Answer: "Someone has to to feed the dog!"

The advantage of a twin engine plane over single engine? The second engine gets you to the crash site faster.

• The alternative way I've heard this is that "In a twin, when you lose one engine, you have the second to fly you to the crash site." – reirab Apr 10 '15 at 5:06

The image has been taken from ChickenWings Comics

Controller: United 6, make a 360.

Pilot: Approach, this here is a 747 that costs \$12000 per hour to operate. a 360 takes 10 minutes. Controller: Great, give me a \$2,000 turn.

Pilot: Sydney Approach, United 5, 10,000. We happy to be visiting your little island, and we have the airport in sight 12 o'clock.

Approach: United 5, roger. Turn right, follow the coast, expect the visual for 35.

• I don't get that second one... – Johnny Apr 10 '15 at 1:05
• @Johnny - I suspect the joke is missing the part where the aircraft is approaching from the north, and that Australia is not so little when you have to go all the way around it to make the visual 35. – Steve V. Apr 10 '15 at 3:03
• @Johnny It's also sometimes heard as "Roger, cleared to circle the island twice, then expect the visual for runway 35." – voretaq7 Apr 10 '15 at 3:31
• SYD doesn't have a runway 35... or is that also part of the joke? – Erich Apr 10 '15 at 6:05
• i never explain jokes – rbp Apr 10 '15 at 12:46

A crew member just gets hired on as a new flight attendant. On their very first flight the crew has a three day layover. The captain shows the flight attendant around the city including some of the best restaurants and hotels.

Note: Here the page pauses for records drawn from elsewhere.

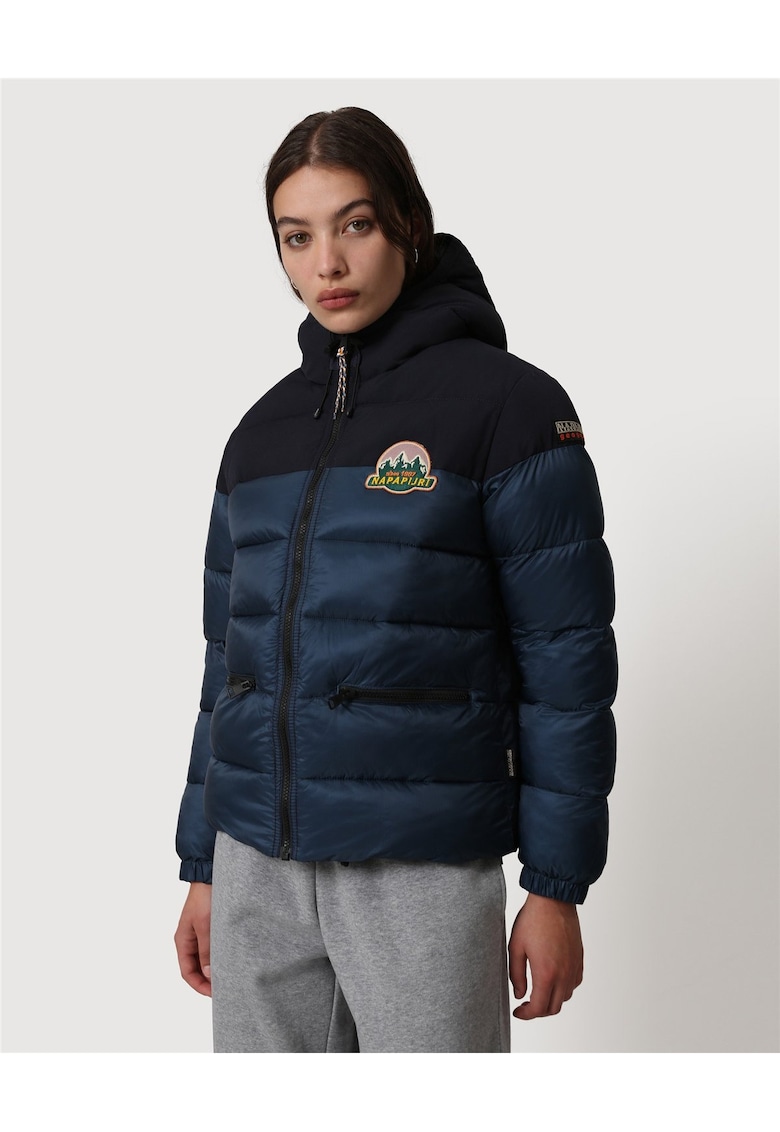 Geaca scurta matlasata cu logo Alay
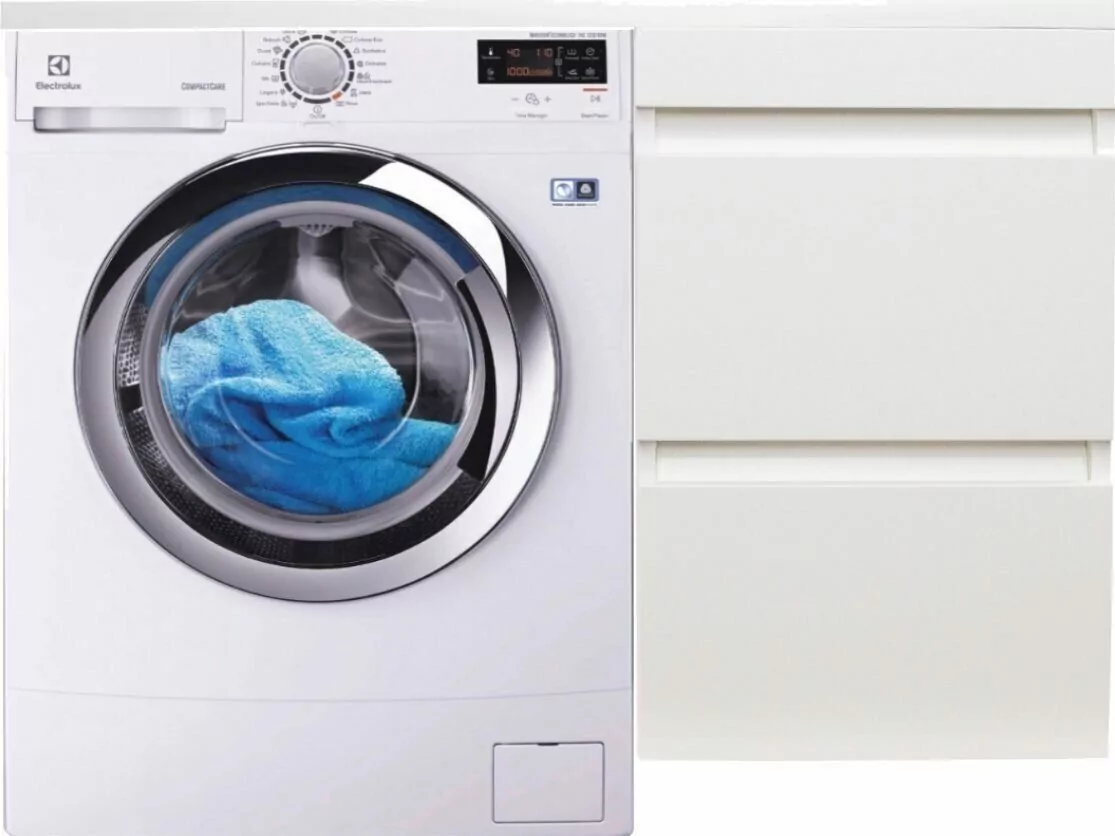 Тумба подвесная Style Line Даллас 100 Люкс Plus Эмаль с раковиной Даллас 100 под стиральную машину, правая, белая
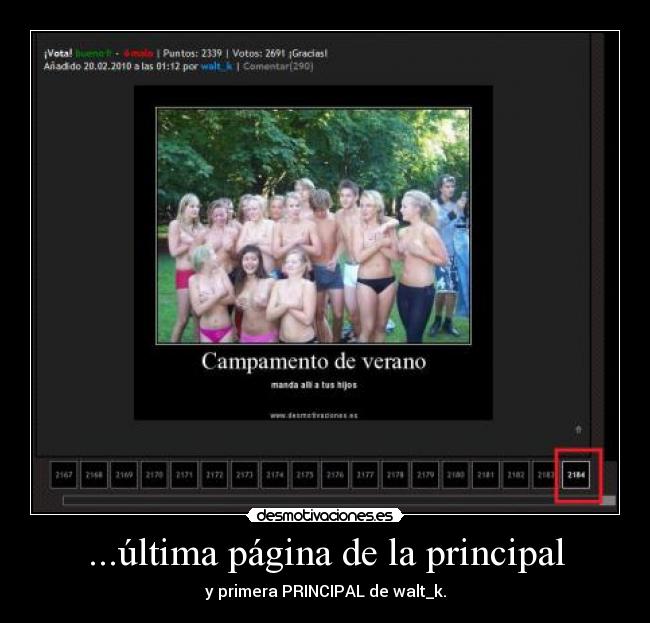 ...última página de la principal - 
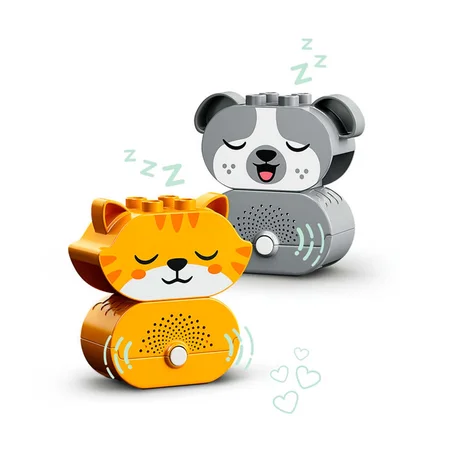 LEGO DUPLO Mein erster Welpe und Babykätzchen mit Ton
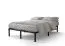 Cadre de lit simple série Vosges 03 - Surface de couchage : 140 x 200 cm (l x L)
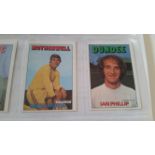 A. & B.C. GUM, 1972 Footballers (1-89), complete, Scottish, VG to EX, 89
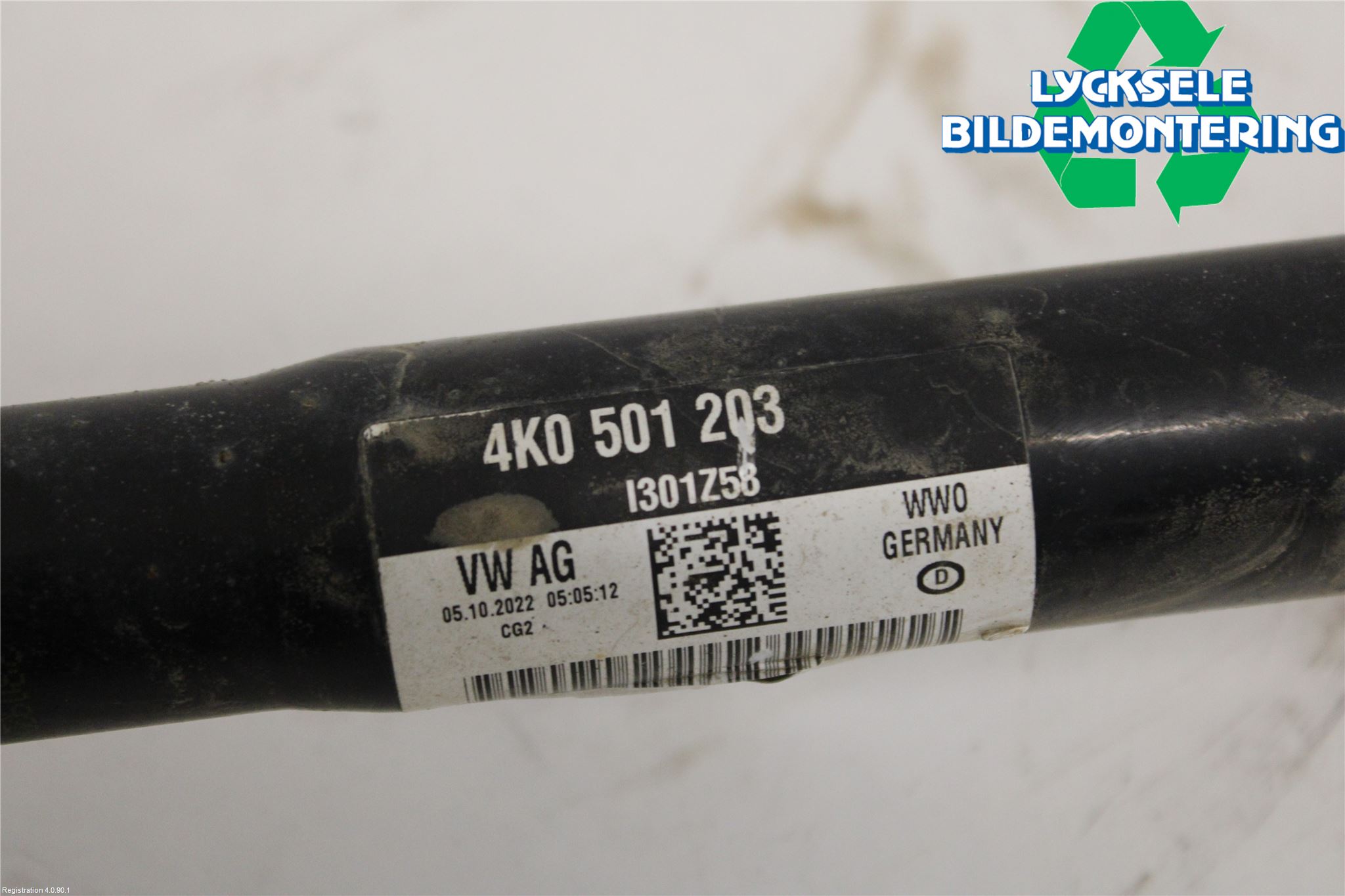 Audi A6 F2/C8 19- Drivaxel Bak Vänster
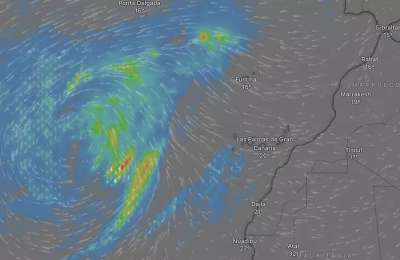 Government raises alert situation to “high-risk” as Storm Dorothea hits the Canary Islands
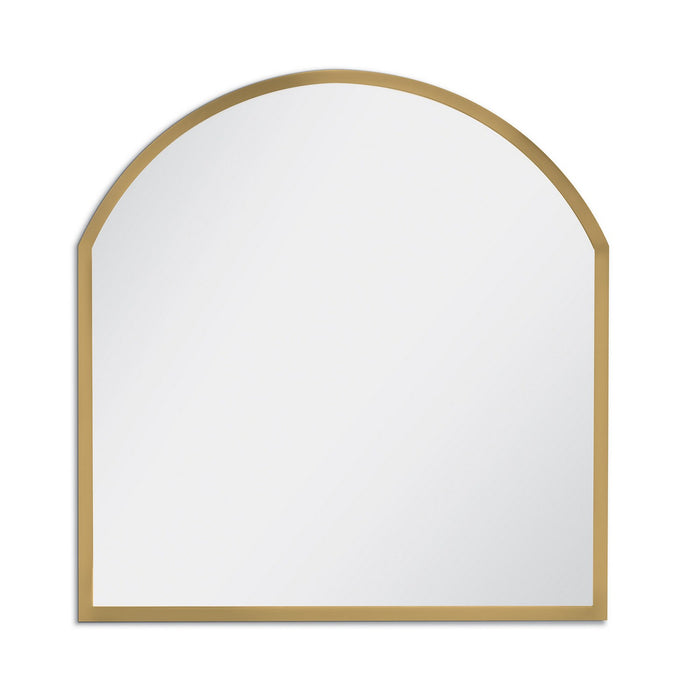 Regina Andrew Mirror from the Knox collection in Natural Brass finish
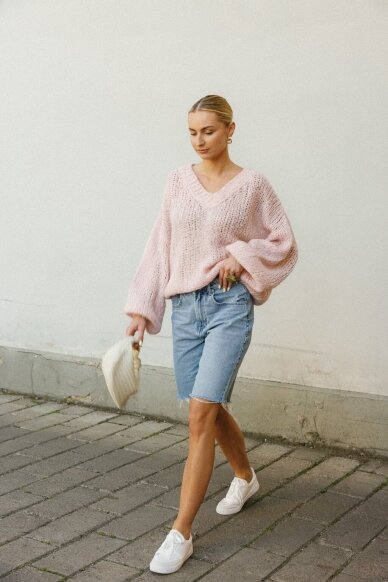 Rose sweater "Boho" 1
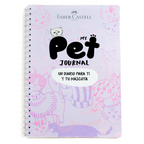 Set Diario Mascota Pet Journal Gato + lápices Faber Castell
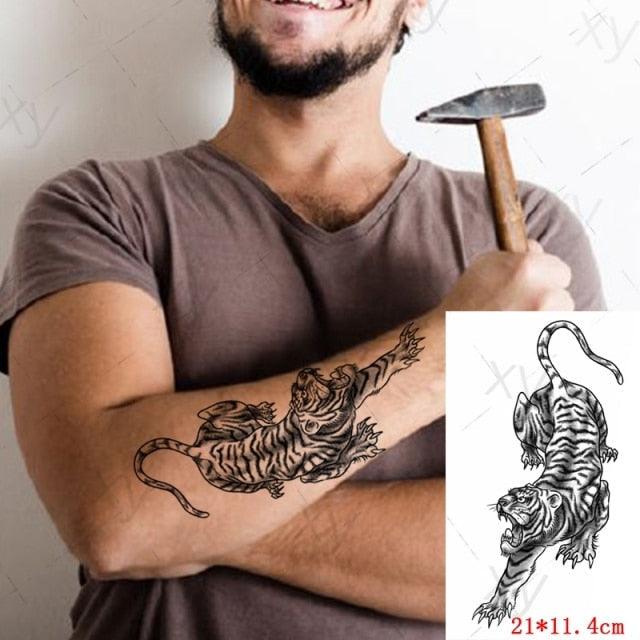 3D Butterfly Waterproof Temporary Tattoo Sticker Snake Flowers Elegant Small Popular Tattoo For Womens Mens Stevvex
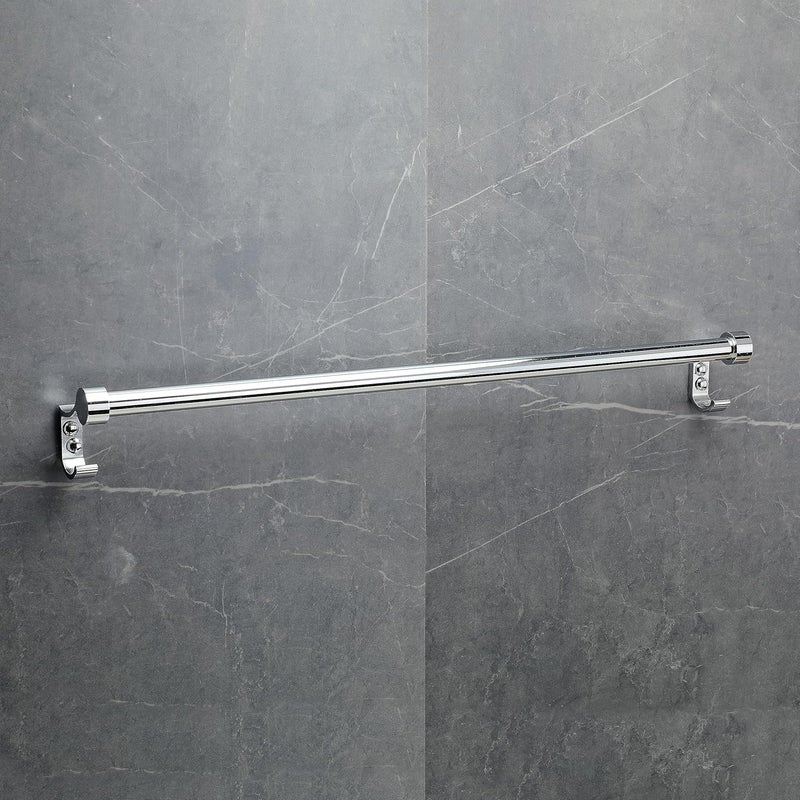 FORTUNE Stainless Steel Bathroom Hook Towel Rod Holder Wall Mounted Hand Towel Rail for Kitchen and Washroom24 Inch Pack of 2 - Image 2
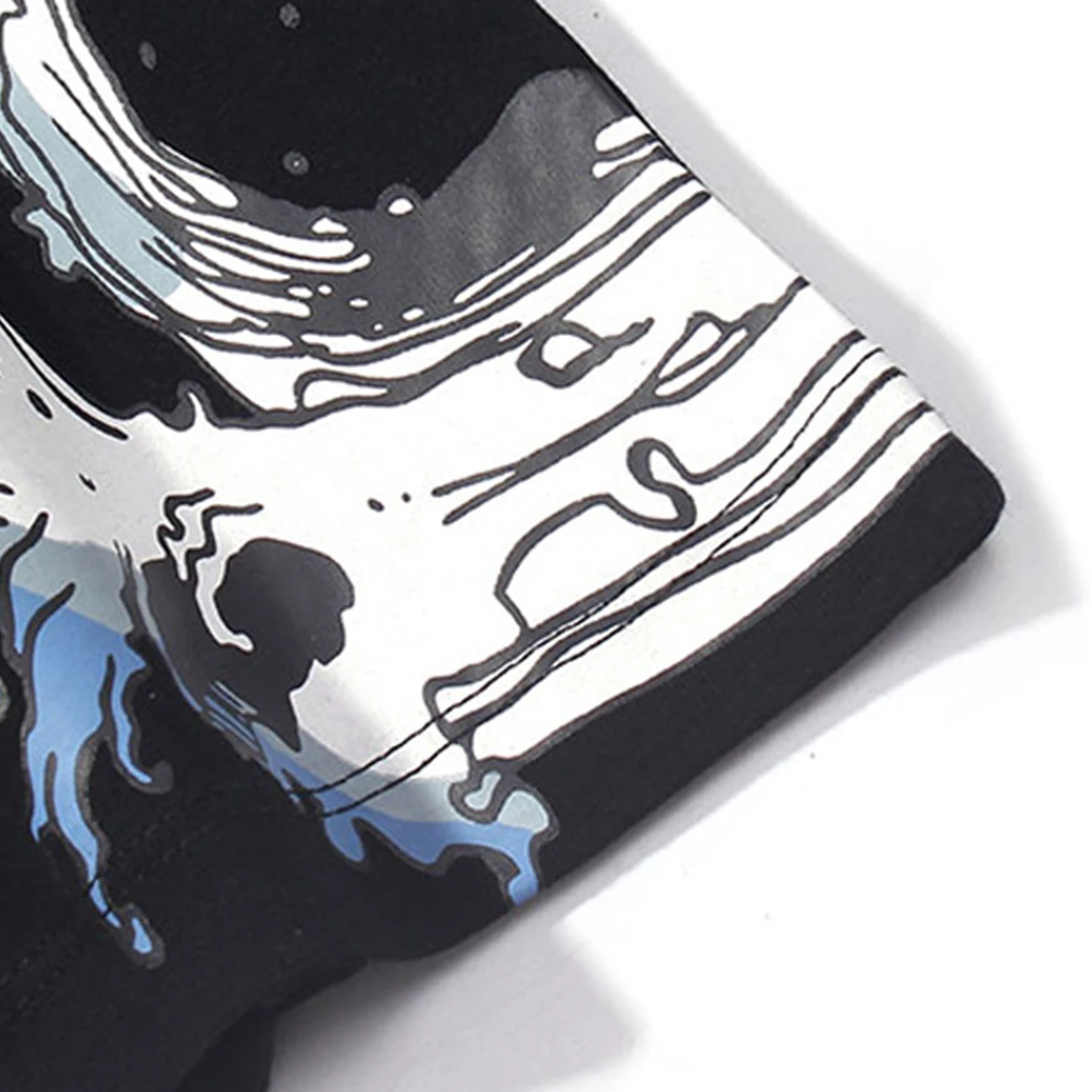 Футболка мужская оверсайз с коротким рукавом уличная одежда в стиле хип-хоп и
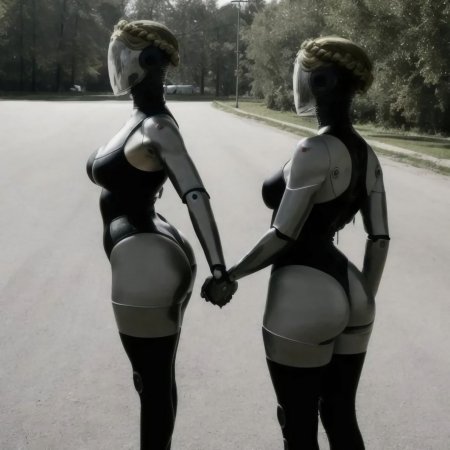 Роботы из Атомик Харт близняшки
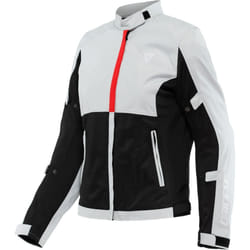 Dainese Risoluta Air Tex Giacca tessile da donna, nero-grigio-rosso, dimensione 42 per donne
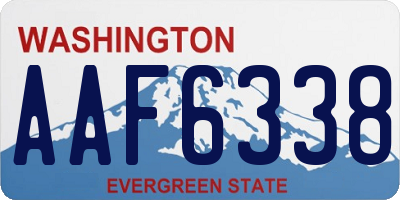 WA license plate AAF6338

When the crew is finally ready for their return trip they just can't find the new flight attendant anywhere. The airplane takes off in half an hour and the new flight attendant is nowhere to be found.

The captain calls the hotel that the flight attendant is staying at, he gets put through to get room. The flight attendant answers the phone, and the captain is freaking out he says "Why are you in your room!? We are supposed to be in the air in 30 minuets!"

The flight attendant is in tears and replies "I am stuck in my room, there's no way out!"

The captain asks how this is possible, knowing it's such a nice hotel.

The flight attendant responds. "There's two doors, one is the bathroom, and the other says 'DO NOT DISTURB.'"

Guy I used to know but have since lost contact with had as his email signature "I'd rather smoke and fly than drink and drive".

Always thought that a rather good one.